# [Data in this exercise]

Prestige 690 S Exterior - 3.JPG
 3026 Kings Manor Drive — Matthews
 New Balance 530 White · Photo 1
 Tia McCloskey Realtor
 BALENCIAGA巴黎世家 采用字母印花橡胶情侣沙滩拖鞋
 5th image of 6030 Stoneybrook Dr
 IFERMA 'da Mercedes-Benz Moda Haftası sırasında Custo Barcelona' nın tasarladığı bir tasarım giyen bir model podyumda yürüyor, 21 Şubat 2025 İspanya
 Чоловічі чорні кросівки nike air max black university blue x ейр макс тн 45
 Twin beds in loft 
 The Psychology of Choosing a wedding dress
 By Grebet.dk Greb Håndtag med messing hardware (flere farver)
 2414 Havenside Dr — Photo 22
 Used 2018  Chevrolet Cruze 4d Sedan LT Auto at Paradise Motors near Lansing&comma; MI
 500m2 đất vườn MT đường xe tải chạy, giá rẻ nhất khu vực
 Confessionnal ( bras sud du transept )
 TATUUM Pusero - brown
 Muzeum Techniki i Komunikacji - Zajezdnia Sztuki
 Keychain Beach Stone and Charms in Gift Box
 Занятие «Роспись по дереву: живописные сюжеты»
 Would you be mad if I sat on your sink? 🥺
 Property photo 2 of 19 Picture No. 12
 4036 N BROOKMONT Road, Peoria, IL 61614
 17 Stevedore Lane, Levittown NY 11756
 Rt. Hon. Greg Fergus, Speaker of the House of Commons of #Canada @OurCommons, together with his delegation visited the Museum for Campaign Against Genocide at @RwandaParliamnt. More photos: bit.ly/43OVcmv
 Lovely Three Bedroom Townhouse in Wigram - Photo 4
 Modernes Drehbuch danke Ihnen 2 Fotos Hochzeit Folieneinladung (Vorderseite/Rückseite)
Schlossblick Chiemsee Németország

# [To do]
Beginning at the line that holds "Rt. Hon. Greg", reproduce the lines exactly up to and including the final line of the entries.

# [Exercise result]
 Rt. Hon. Greg Fergus, Speaker of the House of Commons of #Canada @OurCommons, together with his delegation visited the Museum for Campaign Against Genocide at @RwandaParliamnt. More photos: bit.ly/43OVcmv
 Lovely Three Bedroom Townhouse in Wigram - Photo 4
 Modernes Drehbuch danke Ihnen 2 Fotos Hochzeit Folieneinladung (Vorderseite/Rückseite)
Schlossblick Chiemsee Németország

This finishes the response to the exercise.